Questa sintonia non nasce per motivi contingenti, non ricerca accordi tattici. Non è un modo per rivangare radici comuni, essendo stato Monti consigliere Fiat dal 1988 al 1993. Nessuno dei due è un nostalgico di un passato nel quale sono avvenuti parecchi errori e che entrambi riconoscono come tali. Prima gli aiuti a pioggia che i precedenti governi non lesinavano agli Agnelli, poi il blocco della vendita di Alfa a Ford e, per venire all’era Marchionne, i vari incentivi per la rottamazione. Nonostante fossero stati concepiti per agevolare il mercato dell’auto, Marchionne si è sempre mostrato scettico sulla loro utilità.



Entrambi sperano che questi errori non abbiano a ripetersi ed entrambi guardano a un futuro non facile, ma che può essere affrontato solo nel rispetto delle regole. Il mondo è complesso e produrre e vendere milioni di vetture che devono essere acquistate da milioni di persone e circolare in paesi molto diversi non può essere basato su favori. Solo se ciascuno fa la sua parte c’è speranza per tutti.

Solo se la Fiat produce automobili, investendo dov’è conveniente, facendo gli accordi più vantaggiosi, potranno scaturirne vantaggi per gli italiani, intesi come consumatori, lavoratori, e beneficiari dell’indotto. Solo se lo Stato fa il suo mestiere e crea le condizioni per le quali sia conveniente venire a investire in Italia ci può essere un vantaggio per Fiat.



Questo è credibilmente quello che si sono detti e promesso a Palazzo Chigi. Monti si impegnerà a creare le condizioni per le quali torni conveniente venire a investire in Italia. Per questo non solo si impegnerà sulle riforme del lavoro, sulla giustizia, sulle liberalizzazioni e sulle altre tematiche in grado di ripristinare la competitività del Paese, ma farà promozione all’estero (imminente il suo viaggio in Oriente) per convincere investitori esteri a tornare in Italia. Non servirebbe a nulla convincere Fiat se questo rimanesse un caso isolato.

La Fiat dal canto suo si impegna a fare fino in fondo il suo mestiere, cioè a considerare i vari mercati, sia dal lato della domanda che dell’offerta. Per questo sta considerando un suo rientro in Confindustria (a certe condizioni), sta pensando di innalzare i salari degli operai, oggi troppo bassi, in funzione degli incrementi di produttività, sta ipotizzando il potenziamento degli investimenti in ricerca e sviluppo.

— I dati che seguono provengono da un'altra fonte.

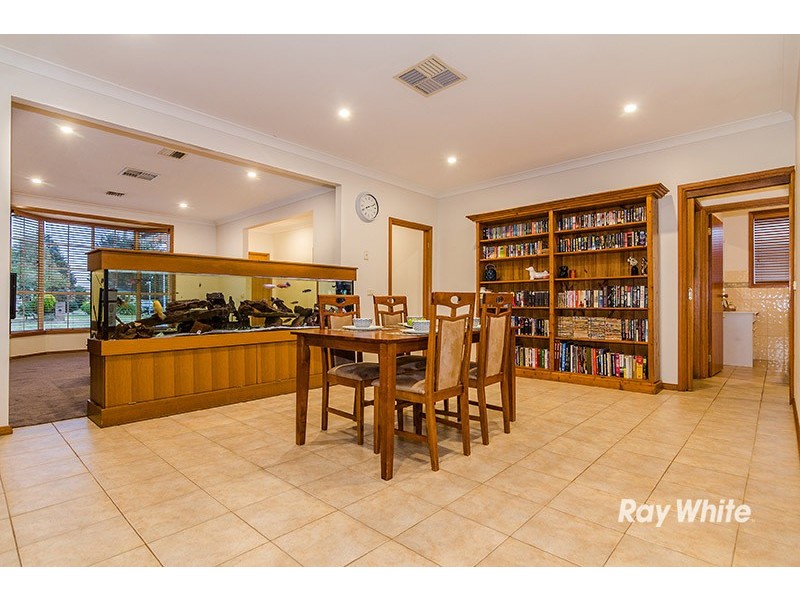 30 Horsfield Street, Cranbourne North VIC 3977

L’Italia deve diventare un Paese attrattivo, cioè un luogo in cui è conveniente venire a lavorare ed investire. La Fiat deve essere innanzitutto redditizia, cioè produrre utili nel lungo periodo, il che significa generare ricchezza, condizione essenziale per poterla distribuire.

 

Un auspicio

La cosa di cui avrebbe bisogno l’Italia è un ritorno alla normalità. Un Paese che non ha bisogno di eroi, di giudici che si sostituiscano ai politici, di interventi e manovre straordinarie, di favori da chiedere ai vari potenti di turno.

Monti e Marchionne si augurano proprio questo: un ritorno alla normalità, un Paese nel quale gli industriali lavorano per produrre ricchezza per loro, per gli azionisti, per i dipendenti e per i fornitori. Un Paese nel quale lo Stato non intervenga, come nel recente passato, con interventi che hanno lo scopo di compensare, artificialmente, alcune parti penalizzate, ma che si limiti a creare le condizioni nelle quali gli imprenditori possano operare al meglio.

La sfida della normalità è la vera sfida e quella che ci permette di giudicare della solidità e della maturità di un Paese.